Owing to their interesting spectral properties, the synthetic crystals over lattices other than regular Euclidean lattices, such as hyperbolic and fractal ones, have attracted renewed attention, especially from materials and metamaterials research communities. They can be studied under the umbrella of quantum dynamics over Cayley graphs of finitely generated groups. In this work, we investigate numerical aspects related to the quantum dynamics over such Cayley graphs. Using an algebraic formulation of the “periodic boundary condition” due to Lück (Geom Funct Anal 4:455–481, 1994), we devise a practical and converging numerical method that resolves the true bulk spectrum of the Hamiltonians.
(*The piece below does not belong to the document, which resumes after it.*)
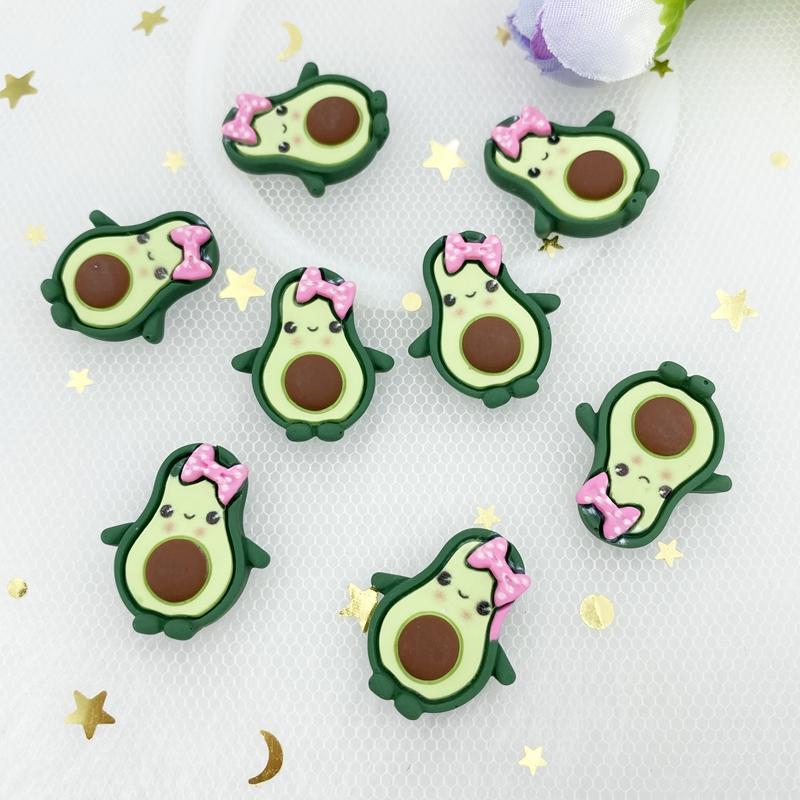 

10Pcs/Lot Kawaii Resin Cute Cartoon Avocado Flatback Cabochons For Hair Bow Centers DIY Scrapbooking Decor C149 зелёный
Exact results on the matrix elements of the resolvent, derived from the combinatorics of the Cayley graphs, give us the means to validate our algorithms and also to obtain new combinatorial statements. Our results open the systematic research of quantum dynamics over Cayley graphs of a very large family of finitely generated groups, which includes the free and Fuchsian groups.

由于其有趣的光谱特性，除常规欧几里得晶格之外的晶格（例如双曲晶格和分形晶格）上的合成晶体重新引起了人们的关注，特别是材料和超材料研究界的关注。它们可以在有限生成群的凯莱图上的量子动力学的保护下进行研究。在这项工作中，我们研究了与此类凯莱图上的量子动力学相关的数值方面。使用 Lück 提出的“周期性边界条件”的代数公式（Geom Funct Anal 4:455–481, 1994），我们设计了一种实用且收敛的数值方法来解析哈密顿量的真实体谱。从凯莱图的组合导出的解析矩阵元素的精确结果，为我们提供了验证算法并获得新组合语句的方法。我们的结果开启了对有限生成群（包括自由群和 Fuchsian 群）的凯莱图的量子动力学的系统研究。